Zitat von sysopDie "Deutschen Taliban-Mudschahidin" behaupten in einer Videobotschaft erstmals, dass sie Militärstützpunkte in Afghanistan angegriffen haben - mit tödlichen Folgen. In dem Film sind bisher unbekannte deutschsprachige Kämpfer zu sehen. http://www.spiegel.de/politik/ausland/0,1518,688774,00.html
Diese "deutschen Taliban" sind auch ein Produkt des Einsatzes an sich. Sollten die jemals einen Angriff auf deutschem Boden umsetzen, dann haben die Pro-Einsatz-Politiker Blut an den Händen. Damit will ich natürlich nicht davon ablenken, dass diese "deutschen Taliban" absolute Idioten sind. Gewaltlos könnten die sich wesentlich effektiver einbringen.
keinzeitungsleser 13.04.2010
4. Reizwort
Zitat von knödlfriedhofwill ich doch hoffen, dass diesen netten Menschen Ihr Wunsch ins Paradis einzugehen bald erfüllt wird. Bestimmt gibt es aber auch in diesem Fall wieder ausreichend " Gutmenschen " welche der Meinung sind, dass wir die harmlosen Jungs besser in Deutschland therapieren und resozialisieren sollten, ein paar Jugendsünden hat schließlich jeder begangen.
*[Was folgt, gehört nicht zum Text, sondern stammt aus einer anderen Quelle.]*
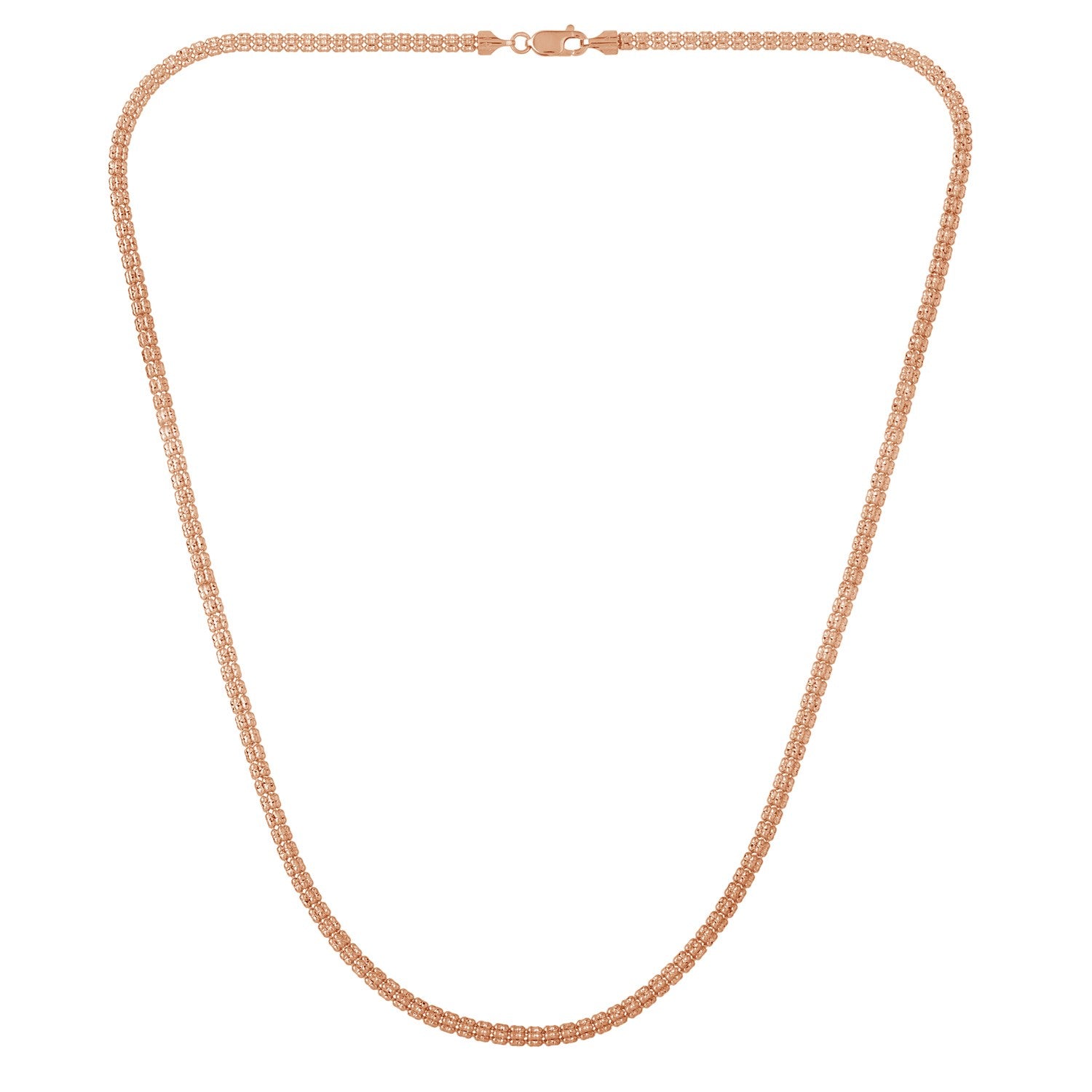 Elegant 14k rose gold Ice Barrel chain featuring refined links, perfect for layering or standalone sophistication.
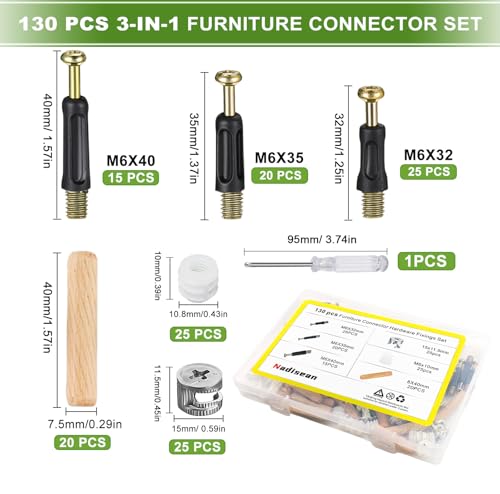Nadisean 130Stk Möbelverbinder Schrankverbinder, Zinkdruckguss Vernickelt Korpusverbinder, inkl Exzenternocken, M6x40/35/32mm Einschraubdübel, Kunststoffmuttern Holzdübel, Schraubendreher für Schrank
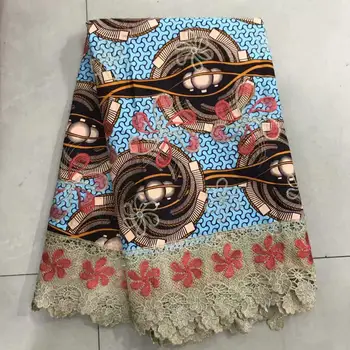 

2019 Latest Hollandais Wax With Lace High Quality Embroider African Wax Lace Fabric 100% Cotton Nigeria Guipure Wax Lace 6 Yards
Nö, wennse ihr Leben aufs Spiel setzen, für was auch immer, ist das deren Ding. Ansonsten kann ich das Wort "Taliban" langsam nicht mehr hören. Was haben wir damit zu tun? Würden je Taliban nach Deutschland kommen? Das ist, glaube ich, deren letzter Wille.
citizengun 13.04.2010
5. Die Politik schafft sich ihre Gegner/Kriege selbst.
Hat sie keine Ziele die sie umsetzen kann, dann schafft sie sich welche. Gäbe es die Politik nicht, dann würden die Leute heute wieder in friedlicher Gemeinschaft leben - wie vor 15000 Jahren auch.